_EXERCISE DESCRIPTION:_
Give back every line of the material below exactly, but no images.

_INFORMATION SHOWN:_
+++

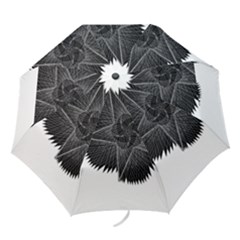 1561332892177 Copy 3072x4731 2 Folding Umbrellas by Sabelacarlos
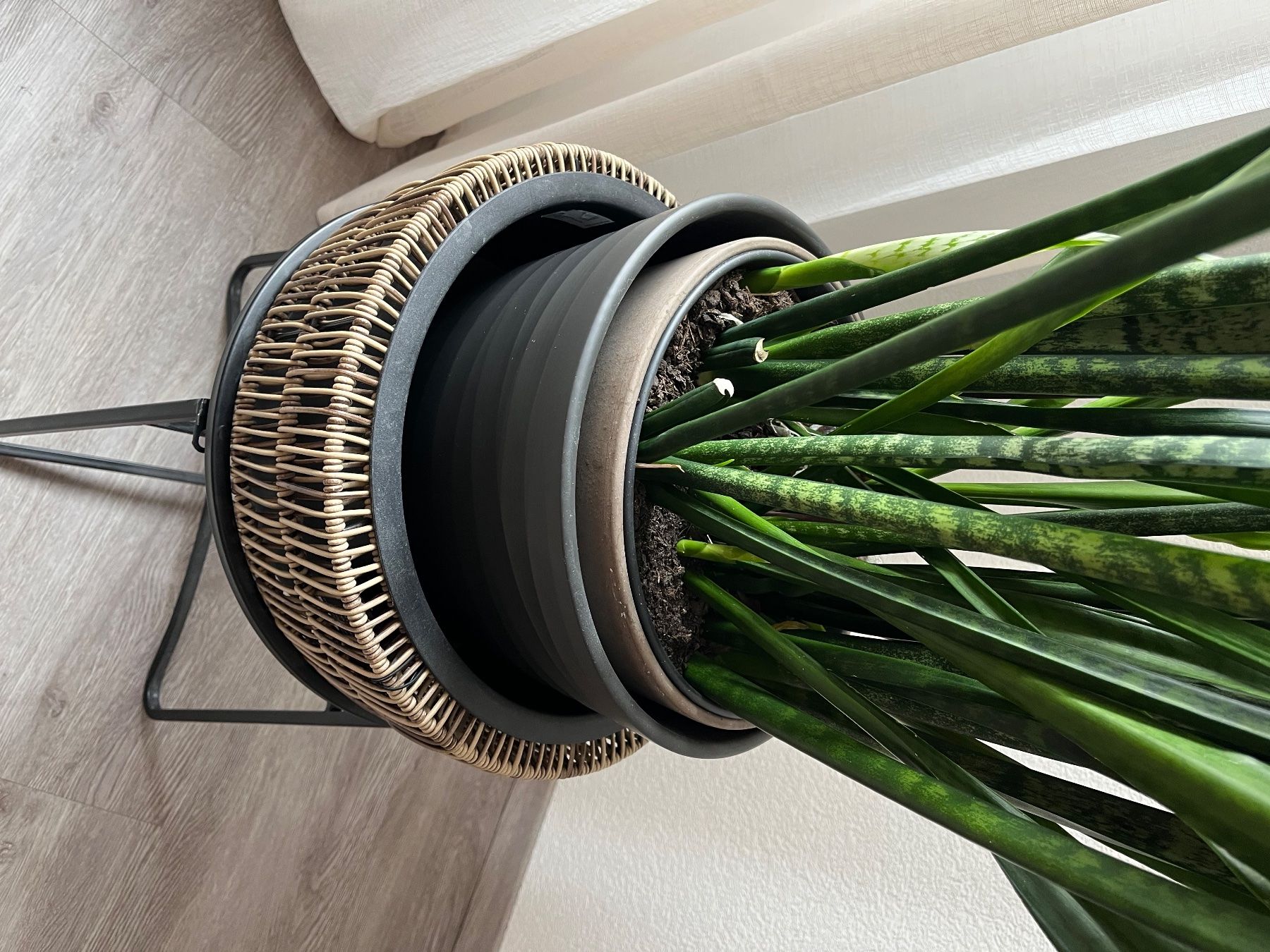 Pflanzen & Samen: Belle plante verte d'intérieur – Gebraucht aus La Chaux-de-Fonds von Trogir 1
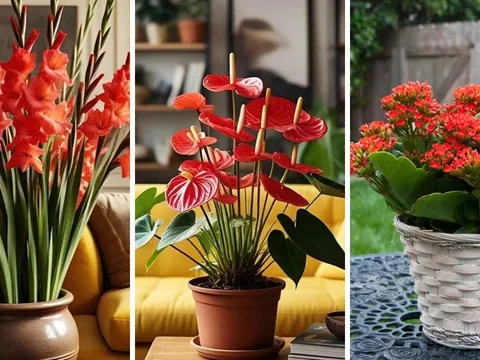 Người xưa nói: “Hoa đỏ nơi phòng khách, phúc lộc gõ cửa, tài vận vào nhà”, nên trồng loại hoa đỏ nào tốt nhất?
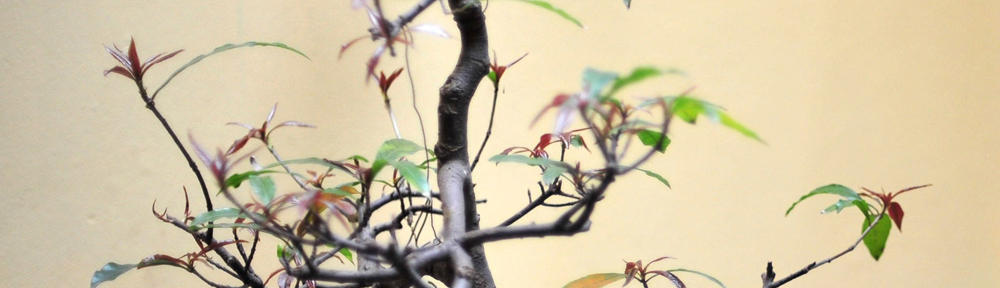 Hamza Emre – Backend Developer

+++

_ANSWER TO THIS TASK:_
 1561332892177 Copy 3072x4731 2 Folding Umbrellas by Sabelacarlos
 Pflanzen & Samen: Belle plante verte d'intérieur – Gebraucht aus La Chaux-de-Fonds von Trogir 1
 Người xưa nói: “Hoa đỏ nơi phòng khách, phúc lộc gõ cửa, tài vận vào nhà”, nên trồng loại hoa đỏ nào tốt nhất?
 Hamza Emre – Backend Developer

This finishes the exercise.